A week from today Sara and I leave for a vacation in Hawaii!
As the countdown begins it seems an auspicious moment to restart this moribund blog. I plan to chronicle our Hawaiian adventures here (provided of course I can get an Internet connection on the coast of Kauai) in hopefully interesting and unexpected ways. But because the blog has been dead for SO long, there's a risk that no one will notice. Hence I'm going to "rev up" with some entries during this preparatory week, which will hopefully act as a twinkle in the window for those who care to look this way.

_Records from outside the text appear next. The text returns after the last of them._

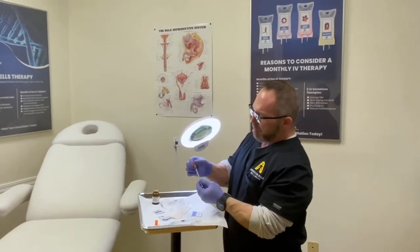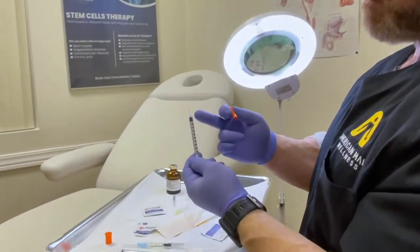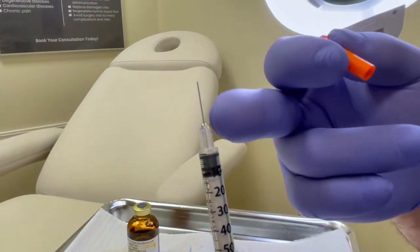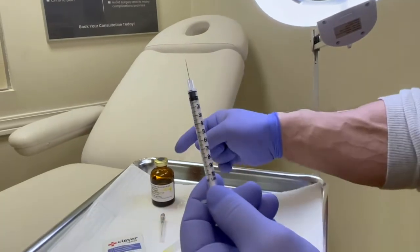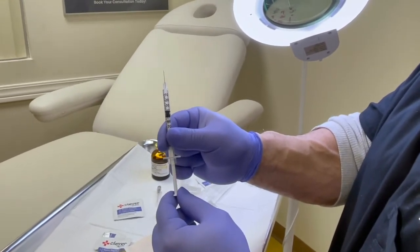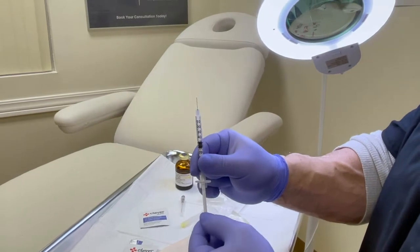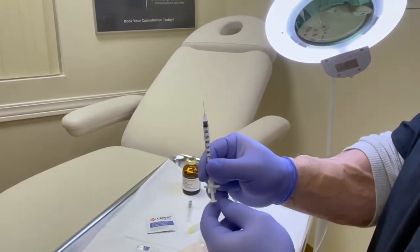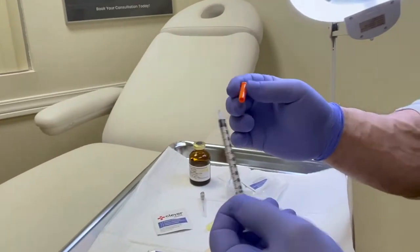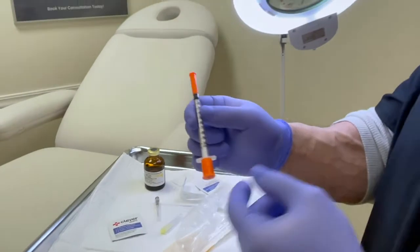There's also a practical problem with insulin syringes: you can't luer lock them — the needle doesn't come off. The needle is very fine, and the viscosity of oil-based testosterone makes it nearly impossible to draw into this syringe. Insulin syringes are designed for aqueous, water-based insulin, which is much thinner. The syringe is sterile when it comes out of the package, and that matters.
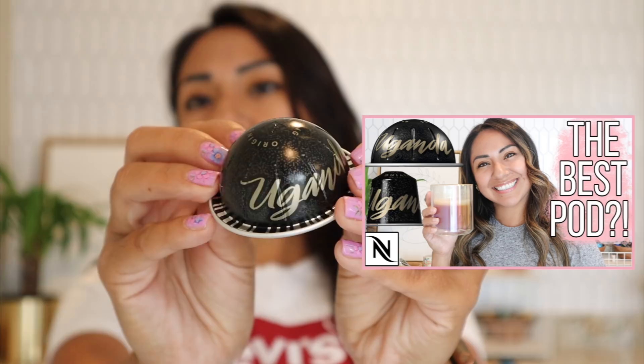My next favorite is Uganda — I did do a full review on this one, so I won't talk too much about it. It's one of their Lungo pods, so it brews about five ounces. I like pairing it with oat milk. If you've tried Chobani vanilla oat milk — not the creamer, the actual milk — paired with this pod, you honestly don't even need syrup. It's such a nice experience, and a good way to cut down on sugar.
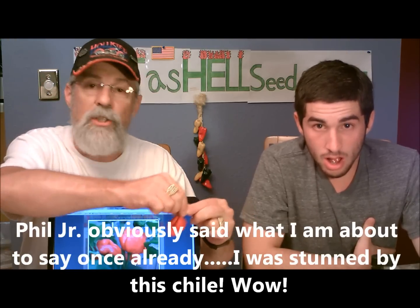Top of the tongue, sides of the tongue, underneath the tongue. Roof of my mouth. Back of my throat. It's beginning — it's traveled down my esophagus. And I'm getting a lot of drool. Oh my gosh. The Sunrise Scorpion.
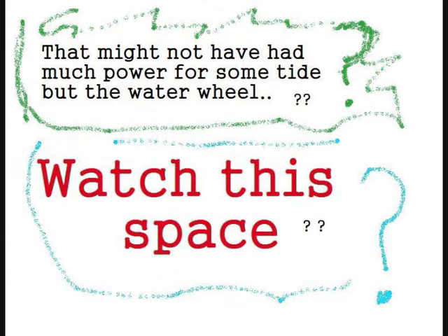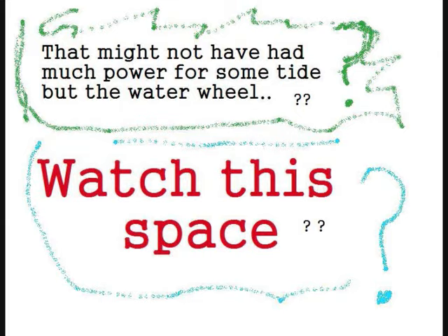Anyway, watch this place — just another one of my silly ideas. Thanks for watching. Pete out again for now.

The week before a vacation is fully valid as a vacation topic anyway, filled as it is with exotic purchases and a mounting sense of incredulity. Even here, seven full days out, the real world is starting to become transparent around us, and the little Hawaii pamphlets scattered on the countertop seem glowing with surreal vividness, like spot-colored objects in an artsy black-and-white scene. Sara bought a snorkel. I rummaged around and found my bathing suits. Seven days to go!
The background: it's our 20th anniversary. (Well, actually the anniversary is November 4, but project schedules at my job made it more practical for me to take the time off now.) This kind of number is worthy of romantic celebration all by itself, but in truth there's a whole other level of need to it.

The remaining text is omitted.